An Economic Argument

The case for implementing better requirements practices is an economic or business argument, not a philosophical or technical position. Think about how your company’s bottom line is affected by requirements-related problems. Then use that understanding to justify investing in better requirements practices that can pay off for the long term.

A recent case study of requirements failure was the Federal Bureau of Investigation’s new case management software system, called VCF. This project was abandoned after $170 million had been spent because the delivered software was full of defects and off-target functionality. As one investigator wrote:

I suspect what happened with the VCF is that in the rush to put in place a system, you think you got your requirements nailed, but you really don’t. It was a classic case of not getting the requirements sufficiently defined in terms of completeness and correctness from the beginning. And so it required a continuous redefinition of requirements that had a cascading effect on what had already been designed and produced. (Goldstein, Harry. 2005. “Who Killed the Virtual Case File?” IEEE Spectrum 42(9): 24–35).

Numerous studies have examined the effects of errors in requirements on software projects. They consistently find that nearly half of the discovered defects originated as requirement errors. The typical outcome of errors in the requirements is an expectation gap, a difference between what developers build and what customers really need. Clearly, any domain that is the root cause of approximately half of the problems on software projects deserves our attention.

The main reason errors in requirements are so damaging is that they force the development team to perform extensive rework to correct the errors. It’s well-established that the cost of correcting a software error increases dramatically the later it is discovered, as shown in Table 1. An error, omission, or misunderstanding in the requirements forces developers to redo all the work they’ve already done based on the incorrect requirement. Therefore, any technique that can reduce requirement defects and prevent some of this wasted effort is a high-leverage investment indeed. One analysis of the potential return on investment from better requirements suggested that requirement errors can consume between 70 and 85 percent of all project rework costs.

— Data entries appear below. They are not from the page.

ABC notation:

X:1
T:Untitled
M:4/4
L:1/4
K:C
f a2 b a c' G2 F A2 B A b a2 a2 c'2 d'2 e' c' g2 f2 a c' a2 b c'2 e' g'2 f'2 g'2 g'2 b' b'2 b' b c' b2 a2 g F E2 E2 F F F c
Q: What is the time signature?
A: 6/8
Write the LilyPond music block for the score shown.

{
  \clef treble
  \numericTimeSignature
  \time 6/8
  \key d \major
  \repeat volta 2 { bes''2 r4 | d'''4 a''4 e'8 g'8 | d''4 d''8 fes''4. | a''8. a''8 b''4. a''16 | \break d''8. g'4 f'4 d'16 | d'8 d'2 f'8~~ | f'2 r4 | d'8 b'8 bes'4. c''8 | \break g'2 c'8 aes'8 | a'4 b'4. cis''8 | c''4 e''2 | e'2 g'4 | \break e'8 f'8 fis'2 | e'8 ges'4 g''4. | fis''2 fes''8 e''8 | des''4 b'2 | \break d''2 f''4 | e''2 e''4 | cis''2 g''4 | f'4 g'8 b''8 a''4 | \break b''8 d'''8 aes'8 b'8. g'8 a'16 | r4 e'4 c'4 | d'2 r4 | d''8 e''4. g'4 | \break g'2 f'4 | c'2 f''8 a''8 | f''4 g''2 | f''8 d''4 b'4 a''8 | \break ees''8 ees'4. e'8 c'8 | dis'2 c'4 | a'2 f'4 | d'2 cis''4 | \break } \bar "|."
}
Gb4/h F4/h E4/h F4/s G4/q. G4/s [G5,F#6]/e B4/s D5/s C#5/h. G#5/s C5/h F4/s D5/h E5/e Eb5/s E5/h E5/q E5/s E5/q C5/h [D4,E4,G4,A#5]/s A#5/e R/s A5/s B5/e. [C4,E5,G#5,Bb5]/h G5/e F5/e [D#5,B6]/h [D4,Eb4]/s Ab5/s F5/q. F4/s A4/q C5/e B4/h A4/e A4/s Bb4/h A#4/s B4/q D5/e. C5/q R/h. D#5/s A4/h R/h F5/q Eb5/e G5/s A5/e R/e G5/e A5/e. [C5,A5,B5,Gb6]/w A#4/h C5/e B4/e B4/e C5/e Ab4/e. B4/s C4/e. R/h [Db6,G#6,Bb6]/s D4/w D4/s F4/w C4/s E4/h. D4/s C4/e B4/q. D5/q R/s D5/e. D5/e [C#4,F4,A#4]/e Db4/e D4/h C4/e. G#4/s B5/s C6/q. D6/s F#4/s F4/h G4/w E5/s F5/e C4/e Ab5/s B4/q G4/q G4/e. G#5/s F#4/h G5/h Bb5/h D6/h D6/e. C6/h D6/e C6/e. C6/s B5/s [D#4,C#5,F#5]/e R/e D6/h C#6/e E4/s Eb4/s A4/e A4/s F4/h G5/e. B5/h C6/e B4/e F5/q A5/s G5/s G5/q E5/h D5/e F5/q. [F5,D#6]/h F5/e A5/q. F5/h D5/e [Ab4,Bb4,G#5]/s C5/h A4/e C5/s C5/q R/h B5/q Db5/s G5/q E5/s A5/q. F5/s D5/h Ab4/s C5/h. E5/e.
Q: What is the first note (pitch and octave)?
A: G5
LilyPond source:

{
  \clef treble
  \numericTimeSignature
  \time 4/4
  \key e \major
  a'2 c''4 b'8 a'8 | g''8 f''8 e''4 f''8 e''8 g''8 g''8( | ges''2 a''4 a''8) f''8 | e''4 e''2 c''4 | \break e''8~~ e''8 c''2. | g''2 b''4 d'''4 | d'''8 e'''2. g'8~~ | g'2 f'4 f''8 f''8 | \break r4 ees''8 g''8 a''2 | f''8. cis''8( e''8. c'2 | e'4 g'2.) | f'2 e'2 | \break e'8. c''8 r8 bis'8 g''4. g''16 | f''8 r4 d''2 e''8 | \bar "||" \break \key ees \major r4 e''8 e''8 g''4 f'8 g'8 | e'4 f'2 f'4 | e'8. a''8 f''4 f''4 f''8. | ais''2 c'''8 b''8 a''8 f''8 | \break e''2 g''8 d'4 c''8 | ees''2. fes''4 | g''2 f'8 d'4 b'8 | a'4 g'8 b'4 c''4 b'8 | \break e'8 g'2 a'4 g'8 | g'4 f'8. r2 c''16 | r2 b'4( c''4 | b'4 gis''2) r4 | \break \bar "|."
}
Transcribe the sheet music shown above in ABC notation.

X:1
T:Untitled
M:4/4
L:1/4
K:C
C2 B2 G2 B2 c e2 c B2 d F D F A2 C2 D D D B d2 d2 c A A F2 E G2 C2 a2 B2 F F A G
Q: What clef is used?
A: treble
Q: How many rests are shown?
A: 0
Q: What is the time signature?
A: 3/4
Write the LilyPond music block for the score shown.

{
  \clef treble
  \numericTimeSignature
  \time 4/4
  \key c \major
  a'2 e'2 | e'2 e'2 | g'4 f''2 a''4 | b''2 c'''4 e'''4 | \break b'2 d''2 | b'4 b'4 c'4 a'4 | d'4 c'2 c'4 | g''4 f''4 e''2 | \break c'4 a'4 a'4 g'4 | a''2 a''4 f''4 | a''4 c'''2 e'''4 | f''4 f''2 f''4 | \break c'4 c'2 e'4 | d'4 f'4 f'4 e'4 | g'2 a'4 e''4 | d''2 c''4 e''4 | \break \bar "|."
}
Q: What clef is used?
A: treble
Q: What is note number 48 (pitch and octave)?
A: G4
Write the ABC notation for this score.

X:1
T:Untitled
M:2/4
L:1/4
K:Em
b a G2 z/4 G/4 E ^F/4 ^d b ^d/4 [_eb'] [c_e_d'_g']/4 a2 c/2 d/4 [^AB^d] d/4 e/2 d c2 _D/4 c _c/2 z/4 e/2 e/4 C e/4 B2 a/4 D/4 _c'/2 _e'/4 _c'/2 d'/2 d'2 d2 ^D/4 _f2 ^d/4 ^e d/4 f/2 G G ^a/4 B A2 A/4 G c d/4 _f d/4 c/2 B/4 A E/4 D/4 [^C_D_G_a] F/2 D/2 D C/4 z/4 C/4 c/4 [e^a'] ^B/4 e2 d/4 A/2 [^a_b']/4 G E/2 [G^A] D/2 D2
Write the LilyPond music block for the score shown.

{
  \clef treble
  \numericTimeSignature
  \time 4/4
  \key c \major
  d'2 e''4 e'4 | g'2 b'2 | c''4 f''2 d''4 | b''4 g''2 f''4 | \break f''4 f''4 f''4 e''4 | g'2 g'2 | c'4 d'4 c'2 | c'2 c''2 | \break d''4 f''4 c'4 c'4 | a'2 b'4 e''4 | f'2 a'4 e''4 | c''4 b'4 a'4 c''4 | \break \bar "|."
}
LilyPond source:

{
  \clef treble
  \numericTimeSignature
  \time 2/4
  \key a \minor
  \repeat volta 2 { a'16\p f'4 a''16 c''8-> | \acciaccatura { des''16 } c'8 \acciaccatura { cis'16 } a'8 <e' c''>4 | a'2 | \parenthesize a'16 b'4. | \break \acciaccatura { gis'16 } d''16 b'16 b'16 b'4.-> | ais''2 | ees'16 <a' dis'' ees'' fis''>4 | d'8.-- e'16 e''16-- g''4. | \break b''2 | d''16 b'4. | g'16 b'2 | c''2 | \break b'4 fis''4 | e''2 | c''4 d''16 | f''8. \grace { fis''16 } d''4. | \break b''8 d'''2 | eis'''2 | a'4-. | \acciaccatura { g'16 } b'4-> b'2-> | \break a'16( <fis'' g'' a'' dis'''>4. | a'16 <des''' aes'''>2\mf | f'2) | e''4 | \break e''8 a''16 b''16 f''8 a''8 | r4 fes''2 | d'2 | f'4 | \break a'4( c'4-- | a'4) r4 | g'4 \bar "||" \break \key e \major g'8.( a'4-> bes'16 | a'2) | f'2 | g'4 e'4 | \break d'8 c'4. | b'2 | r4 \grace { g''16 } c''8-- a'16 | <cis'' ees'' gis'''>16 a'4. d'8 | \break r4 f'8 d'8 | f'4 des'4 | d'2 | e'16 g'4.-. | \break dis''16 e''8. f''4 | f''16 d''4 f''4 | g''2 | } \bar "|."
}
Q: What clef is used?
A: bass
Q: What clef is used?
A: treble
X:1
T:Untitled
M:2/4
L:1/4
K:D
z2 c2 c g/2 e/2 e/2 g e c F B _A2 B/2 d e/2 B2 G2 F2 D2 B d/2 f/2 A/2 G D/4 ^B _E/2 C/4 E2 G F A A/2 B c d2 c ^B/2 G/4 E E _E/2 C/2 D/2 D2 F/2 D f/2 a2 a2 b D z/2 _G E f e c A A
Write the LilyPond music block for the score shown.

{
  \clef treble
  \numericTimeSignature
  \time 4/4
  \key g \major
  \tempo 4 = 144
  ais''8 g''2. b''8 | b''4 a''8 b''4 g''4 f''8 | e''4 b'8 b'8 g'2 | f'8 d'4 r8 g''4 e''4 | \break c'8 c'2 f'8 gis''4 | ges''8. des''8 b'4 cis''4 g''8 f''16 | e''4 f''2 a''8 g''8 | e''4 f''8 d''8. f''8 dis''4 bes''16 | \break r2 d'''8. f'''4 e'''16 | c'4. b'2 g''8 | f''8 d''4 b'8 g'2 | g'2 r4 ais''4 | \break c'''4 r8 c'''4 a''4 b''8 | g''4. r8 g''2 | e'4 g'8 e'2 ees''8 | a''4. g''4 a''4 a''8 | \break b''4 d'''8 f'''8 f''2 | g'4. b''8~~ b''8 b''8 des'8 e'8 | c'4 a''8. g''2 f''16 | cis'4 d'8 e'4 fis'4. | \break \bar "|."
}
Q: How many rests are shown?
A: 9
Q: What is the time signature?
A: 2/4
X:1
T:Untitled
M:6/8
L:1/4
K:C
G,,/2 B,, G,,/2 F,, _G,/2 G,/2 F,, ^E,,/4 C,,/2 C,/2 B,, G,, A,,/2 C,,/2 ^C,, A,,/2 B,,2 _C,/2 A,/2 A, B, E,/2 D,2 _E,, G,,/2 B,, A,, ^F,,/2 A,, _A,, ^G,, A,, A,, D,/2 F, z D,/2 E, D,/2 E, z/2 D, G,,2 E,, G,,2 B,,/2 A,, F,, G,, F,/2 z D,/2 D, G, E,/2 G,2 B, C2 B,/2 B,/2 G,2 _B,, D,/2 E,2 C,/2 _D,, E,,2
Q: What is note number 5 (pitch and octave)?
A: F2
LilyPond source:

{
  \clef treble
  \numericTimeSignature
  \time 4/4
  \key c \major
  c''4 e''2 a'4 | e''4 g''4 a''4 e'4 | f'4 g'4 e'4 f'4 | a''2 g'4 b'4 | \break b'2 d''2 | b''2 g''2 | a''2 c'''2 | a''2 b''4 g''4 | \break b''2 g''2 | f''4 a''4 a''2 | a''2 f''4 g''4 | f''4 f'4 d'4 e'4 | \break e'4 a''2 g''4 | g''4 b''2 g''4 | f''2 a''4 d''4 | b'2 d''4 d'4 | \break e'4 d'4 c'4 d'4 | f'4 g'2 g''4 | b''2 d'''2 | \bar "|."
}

Table 1. Relative Cost to Correct a Requirement Error

Stage Error Is Discovered Relative Cost to Correct
Requirements Development 1X
Design 2–3X
Construction 5–10X
System or Acceptance Test 8–20X
Operation 68–110X

What Better Requirements Can Do for You

In addition to avoiding some of the negative consequences described above, better software requirements provide numerous benefits. These include selecting the right projects to fund, facilitating estimation, enabling rational prioritization, developing higher quality designs, and testing more effectively.

Selecting projects to fund. Good preliminary requirements enable senior managers to make effective business decisions as organizations decide which among a set of potential projects to fund. Better requirements allow more accurate projection of business returns. Once a project is funded, better requirements allow project managers to more sensibly partition tasks among their teams and even among individual team members.

Facilitating estimation. Well-understood requirements can help your team estimate the effort and resources needed to execute a project. Reliable estimation requires some historical correlation between requirements size and effort.

Enabling prioritization. Documented requirements allow the team to prioritize its remaining work. Most projects need to make compromises to ensure that they implement the most critical and most timely functionality. A prioritized requirements baseline helps the team incorporate those changes that will deliver the maximum customer value. One study revealed that just 54 percent of the originally defined features were delivered on an average project. If you can’t implement all of the requested functionality, make sure the team implements the right portion.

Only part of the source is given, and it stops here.